Glossary

IFRS 16

What does "IFRS 16" mean in real estate?

IFRS 16 is the international lease accounting standard that changed how companies report real estate leases. In plain terms: it requires lessees to put almost all property leases onto the balance sheet as a right-of-use asset and a matching lease liability, unless the lease is short-term (12 months or less) or the asset is of low value. For real estate—offices, retail stores, warehouses—this means many previously off‑balance-sheet operating leases are now capitalized, changing reported assets, liabilities and key financial ratios.

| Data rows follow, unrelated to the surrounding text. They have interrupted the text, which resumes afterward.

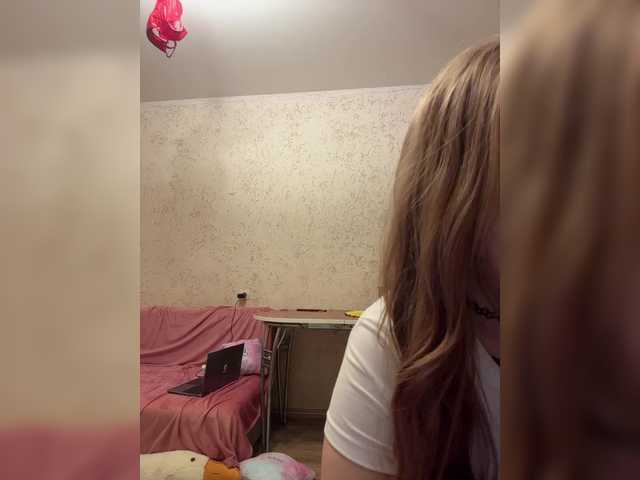 LittleDelora's BongaCams show and profile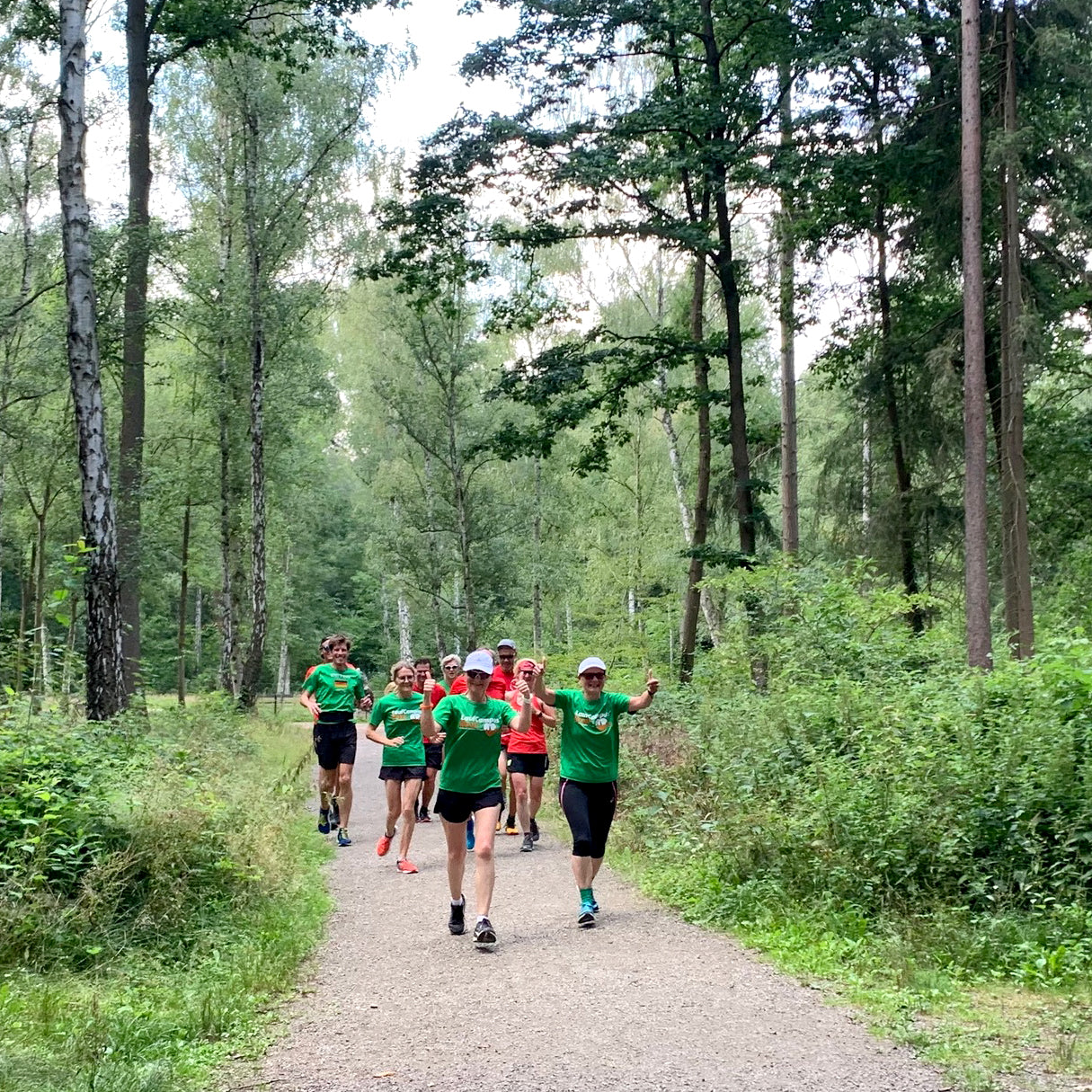 Läuferinnen jubeln bei der Teilnahme am Laufseminar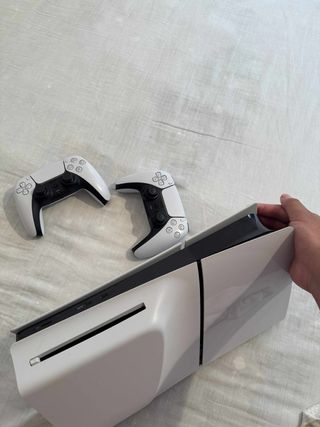 PS5 Slim + 9 Juegos + 2 Mandos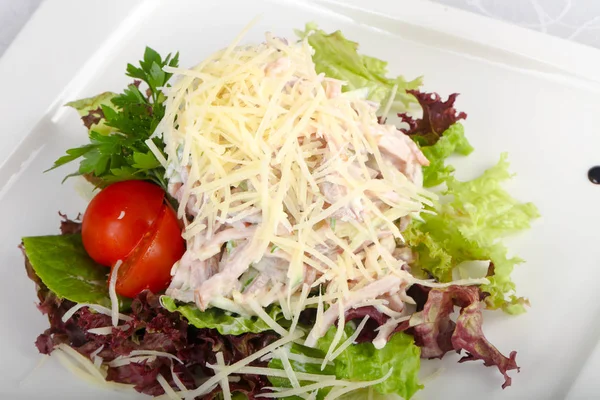 Salat Mit Schinken Und Parmesan — Stockfoto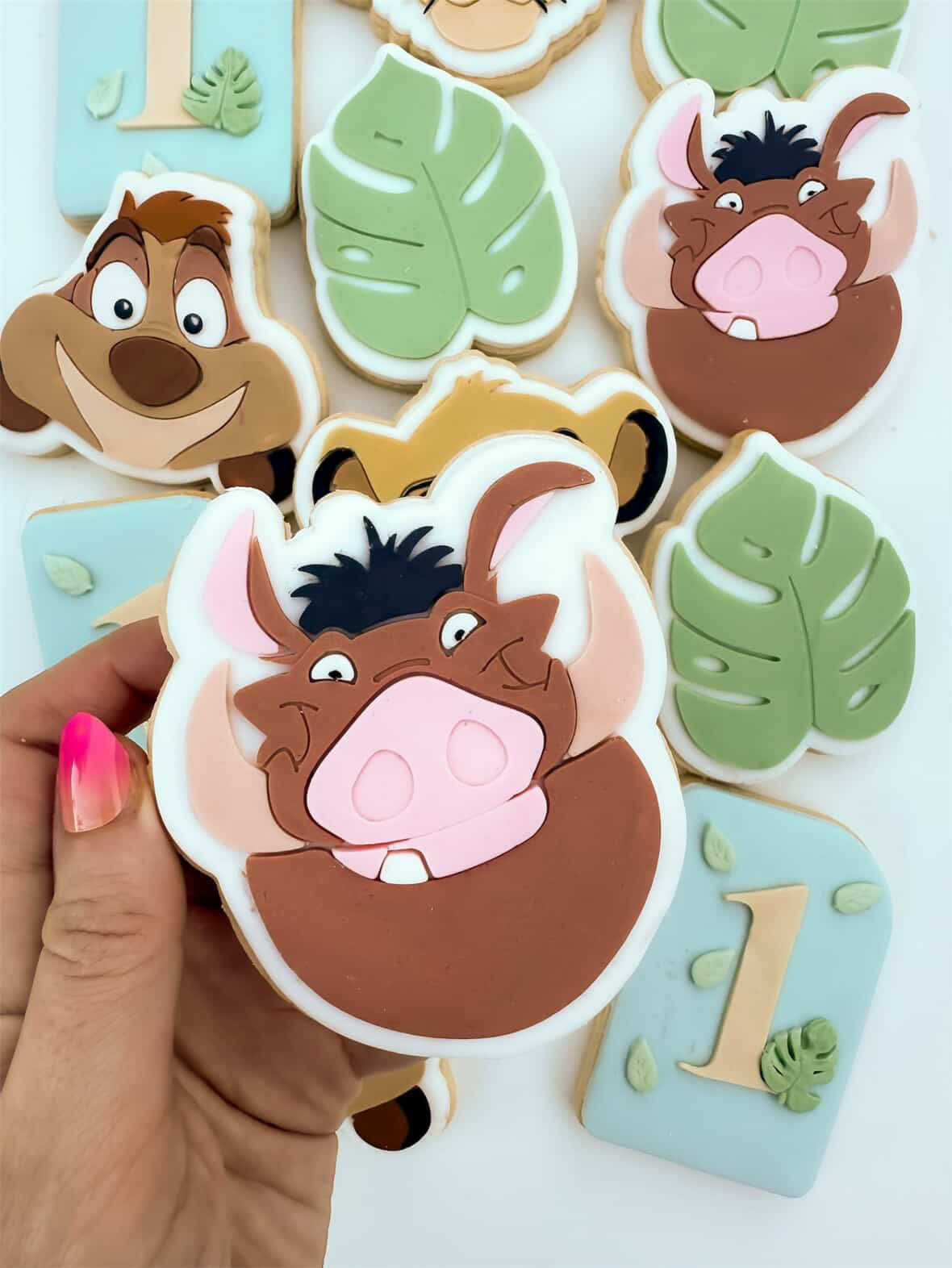 Pumba (Lion King) debosser with matching cutter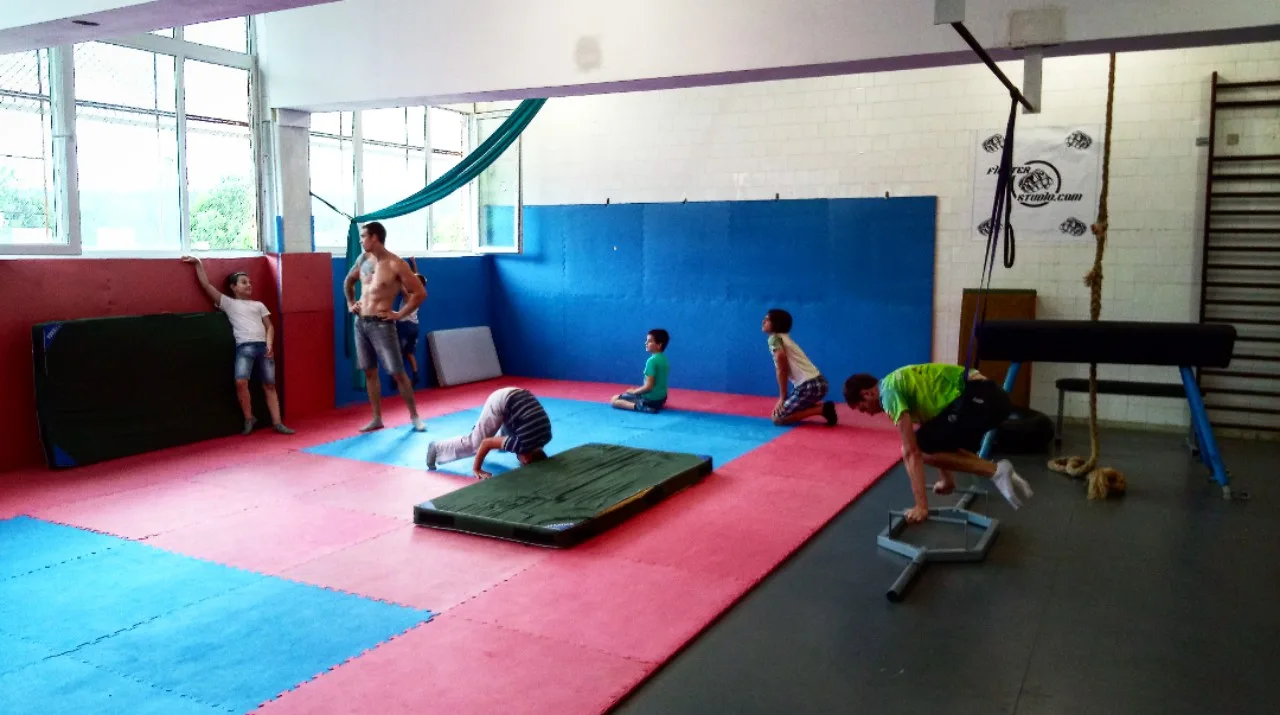 Деца тренират върху татами от SportZone в зала ID Fit София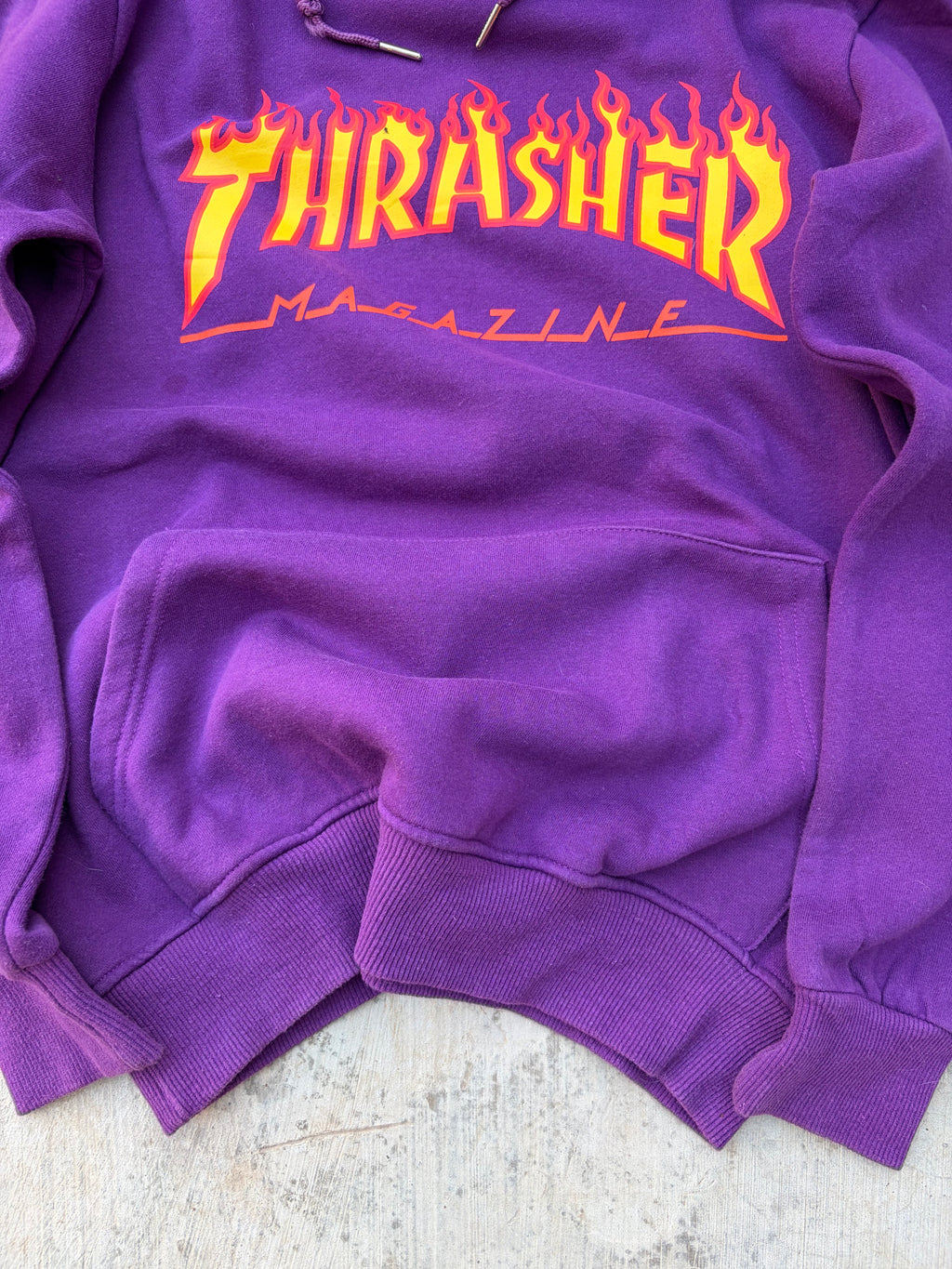 Vintage 00s Thrasher Flame Logo Hoodie (Purple) L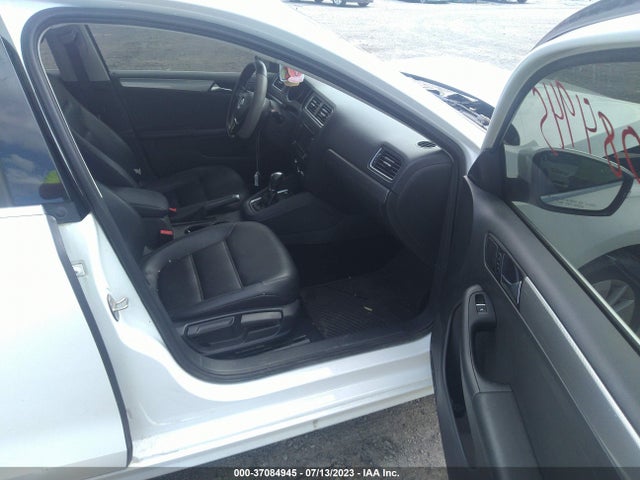 3VWD17AJ4FM323971 Volkswagen Jetta Sedan 1.8t Se W/connectivity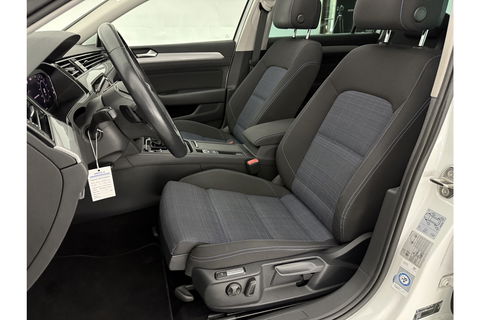 Volkswagen Passat 1.4 TSI 218PK GTE | Panoramadak | 360° | Virtual Cockpit | LED | Adaptive Cruise | Carplay | 19"LMV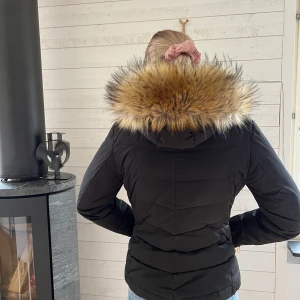 Dunjacka Rockandblue  - Dunjacka av märket Rockandblue i nyskick.  Storleken är 38 men mer som en 36. Pälskragen(imitation) går att ta av.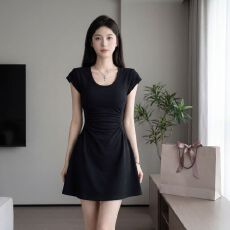 批发2026夏季新款纯欲<b class='q'>连衣裙</b>女辣妹高腰抽褶收腰显瘦小飞袖捏褶伞裙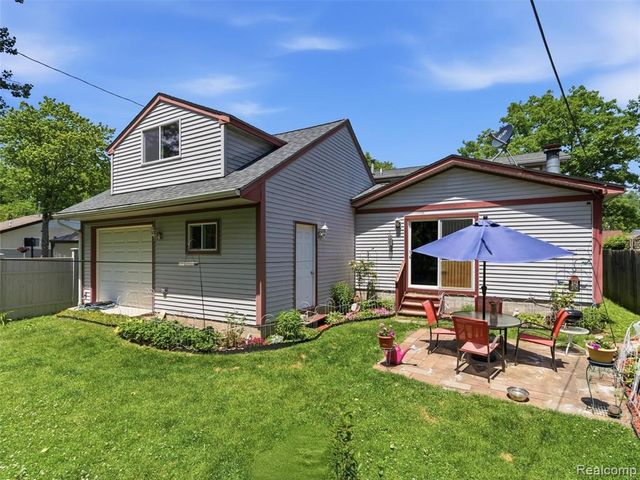5565 Crescent Road, Waterford, MI 48327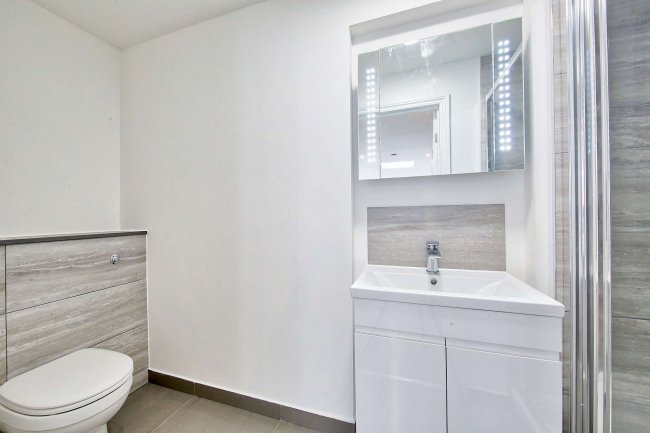 Ground Floor Rear Flat, 67 Webbs Road, Clapham, London SW11 6SD
 2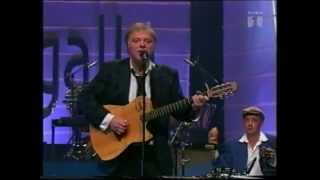Video thumbnail of "Kim Larsen - This Is My Life (live 2001)"
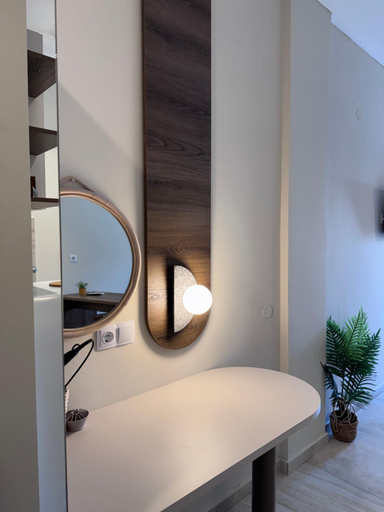 Bathroom 2, Athena's Studios 2, Central Macedonia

Key concepts for real estate

How IFRS 16 changes real estate reporting

Before IFRS 16, many real estate leases were treated as operating leases and shown only as rental expense in the income statement. Under IFRS 16 the same leases are capitalized: the balance sheet reports a right-of-use asset and a corresponding lease liability. That increases reported assets and liabilities, can raise reported leverage (debt-to-equity), and often improves reported EBITDA because rent expense is removed from operating expenses while depreciation and interest are shown below EBITDA.

Practical examples

ScenarioImpact under IFRS 16
10-year office lease with annual paymentsLessee records a right-of-use asset and lease liability equal to the present value of 10 years of payments; recognizes depreciation over the lease term and interest on the liability each period; balance sheet and leverage increase.
Retail chain leasing many storesAll store leases over 12 months are capitalized. EBITDA typically rises (rent removed from operating costs); covenant compliance and borrowing capacity may be affected because liabilities increase.
Long-term lease of a specialized asset (e.g., solar farm)Even specialized property can qualify as a lease if the lessee controls use of the identified asset — so the right-of-use asset and lease liability are recognized.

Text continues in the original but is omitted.